## Exercise prompt
From the records below, extract only the lines running from the line with "Preview of Stained" to the line with "pink glitter graduation", both lines included, reproducing them exactly.

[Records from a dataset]

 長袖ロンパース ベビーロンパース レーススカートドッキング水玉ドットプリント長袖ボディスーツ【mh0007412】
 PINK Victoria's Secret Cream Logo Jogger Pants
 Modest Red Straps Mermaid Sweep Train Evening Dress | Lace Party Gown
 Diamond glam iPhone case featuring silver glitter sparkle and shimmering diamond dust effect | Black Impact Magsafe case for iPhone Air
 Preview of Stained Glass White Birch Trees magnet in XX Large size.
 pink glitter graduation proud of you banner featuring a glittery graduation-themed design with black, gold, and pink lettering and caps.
* * *
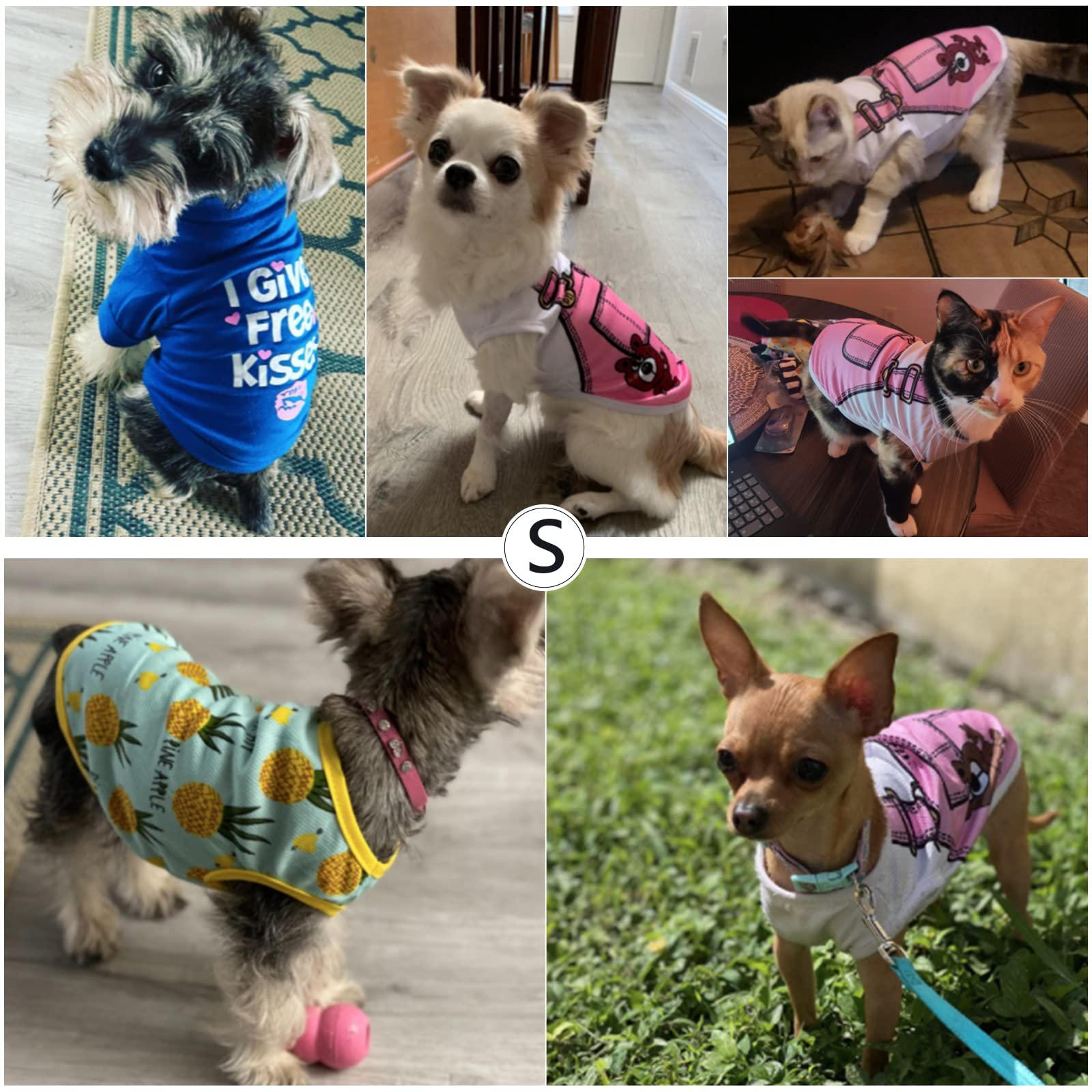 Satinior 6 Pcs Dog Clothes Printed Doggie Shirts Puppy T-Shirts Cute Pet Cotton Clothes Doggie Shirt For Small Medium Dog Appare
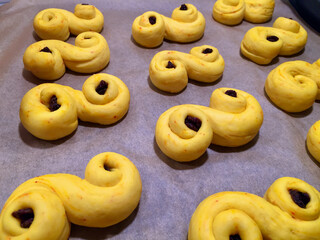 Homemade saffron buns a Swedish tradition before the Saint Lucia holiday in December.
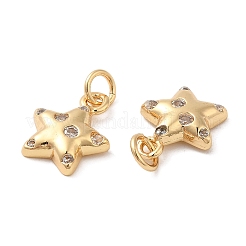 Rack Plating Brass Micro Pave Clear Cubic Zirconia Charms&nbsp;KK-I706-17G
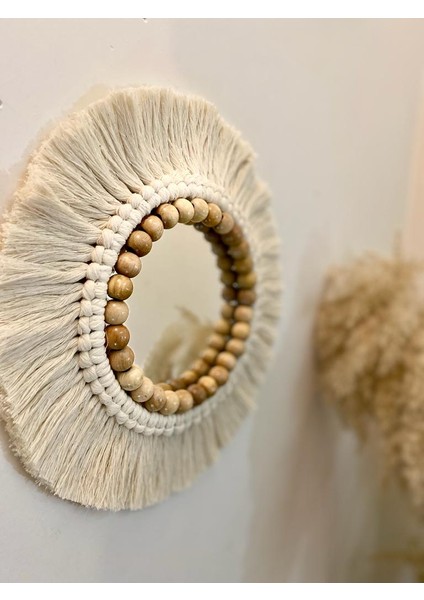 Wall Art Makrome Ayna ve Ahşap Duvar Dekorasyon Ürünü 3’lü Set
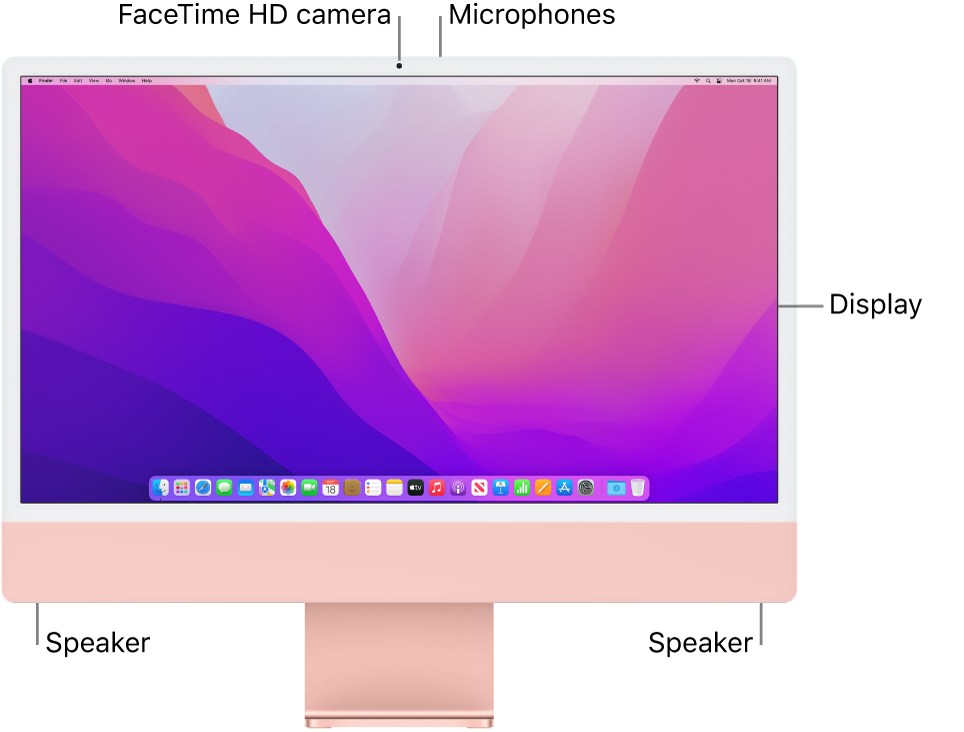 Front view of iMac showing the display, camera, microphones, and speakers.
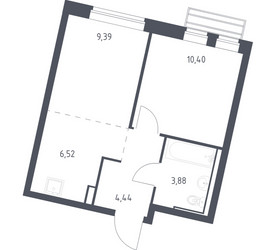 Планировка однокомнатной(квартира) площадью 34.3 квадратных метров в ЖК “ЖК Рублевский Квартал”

## Answer
 Preview of Stained Glass White Birch Trees magnet in XX Large size.
 pink glitter graduation proud of you banner featuring a glittery graduation-themed design with black, gold, and pink lettering and caps.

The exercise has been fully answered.